E. Anthony Ross QC, a lawyer and former Judge, now serving private clients and governments, also gave remarks during the press conference and shared that the decision by the courts should have been handled by the state and should not have been led by citizens as the state should have no jurisdiction in what goes on in the bedrooms of consenting adults.

“What we’re looking at is a shameful expression of a rite of passage. For the state to have laws on its books that are contrary to its own constitution and do nothing about it, that seems to be the biggest problem. This is just another one of those dominoes that should be flat but was still left upright. I think Trudeau put it very succinctly when he said that the state has no business in the bedrooms of the nations.”

In response to the decision in St. Kitts, many took to social media to voice either praise or concern about the ruling. One of the main concerns about children.

The Executive Director of ECADE reminded the public that their group also advocates for the protection of minors saying, “Our organisation, St. Kitts and Nevis Alliance, stands firmly on the protection of minors, and so the work that we actually advocate for in terms of sexual intimacy is talking about consenting adults. Anyone who goes outside that law should be dealt with [to] the fullest extent of the law. If [one is] dealing with a minor or doing something which is not consensual, there are laws that would allow for those matters to be addressed. But in our case, we were dealing with consenting adults in this situation.”
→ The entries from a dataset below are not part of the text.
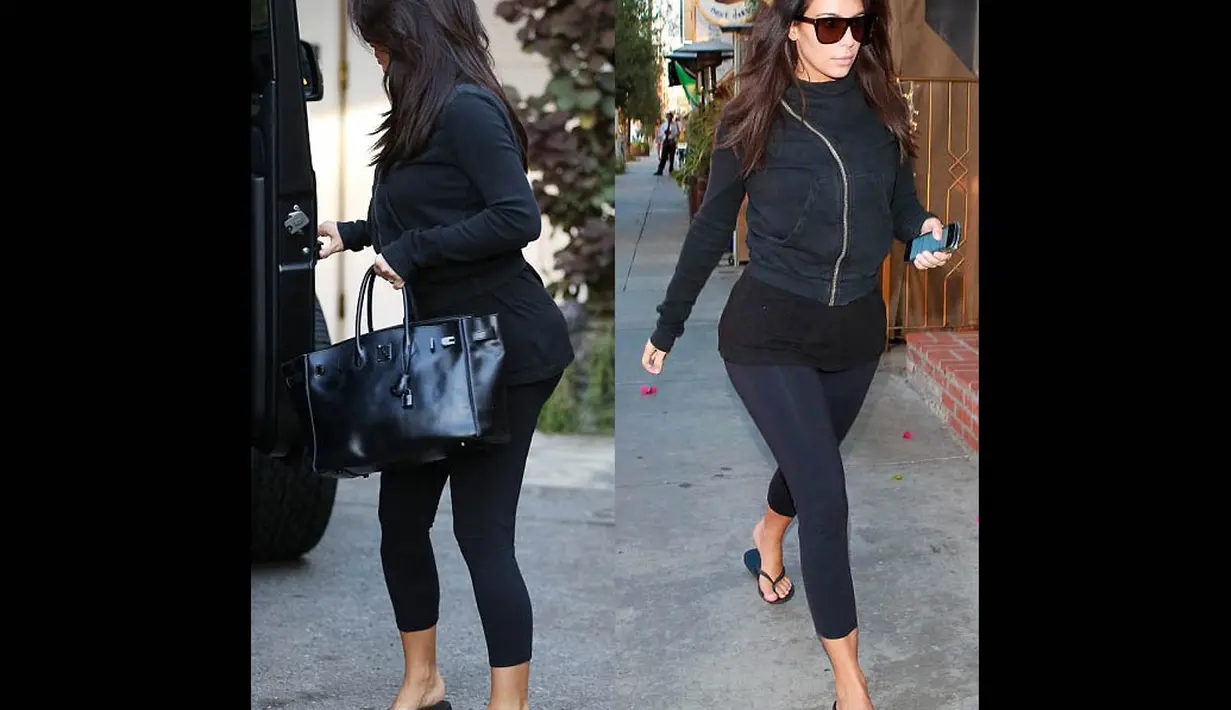 Kim Kardashian tampil santai dengan baju serba hitam dan celana legging mengunjungi sebuah klinik kecantikan, Amerika Serikat, (18/9/14). (Dailymail)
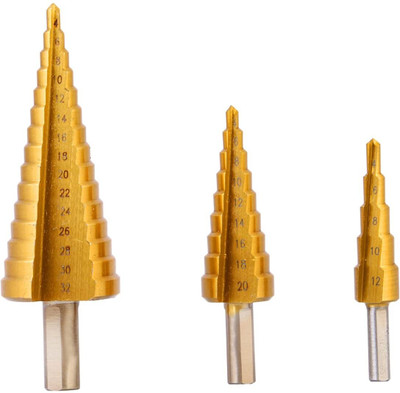 svh Hi Speed HSS Titanium Step drill bit Set of 3 Pcs 4-12mm/4-20mm/4-32mm
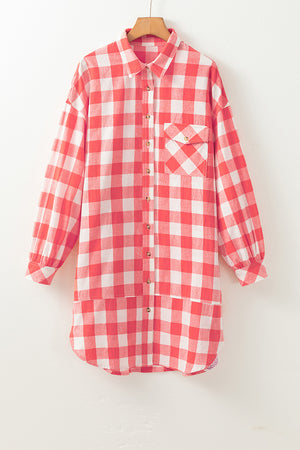 Plaid Collared Neck Long Sleeve Shirt Dress 4a178a230db54b40a795f9f5636555a8-Max Glownestbest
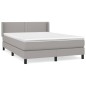 vidaXL Boxspringbett mit Matratze Hellgrau 140x200 cm Stoff vidaXL Boxspringbett mit Matratze Hellgrau 140x200 cm Stoff
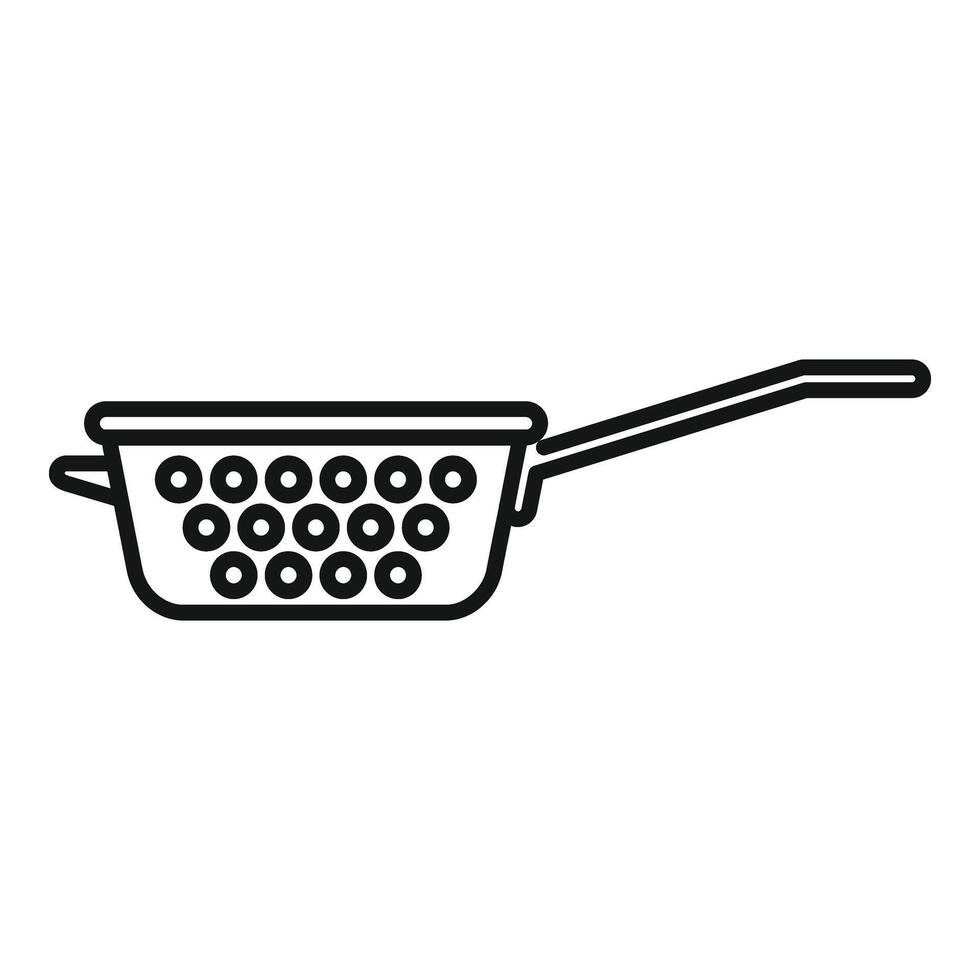 Colander pot icon outline . Drain object vector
E. Anthony Ross QC said there is no need to be apologetic about the decision, and as it relates to the protection of minors, that should be left up to the state.

“I don’t think we have to be apologetic in any way for that judgment… look at your constitution, that’s what did it. The Constitution is the measure, and if the laws operate so as to violate the Constitution, you strike them down. We don’t have to go into … minors or any other thing that’s a problem for the State and let the State look after its own problems and stay out of the bedrooms of consenting adults.”

St. Kitts and Nevis marks the second win in a five-country legal challenge to anti-gay laws, which included the first win in Antigua and Barbuda earlier this summer, Barbados, Grenada, and St. Lucia. The work continues.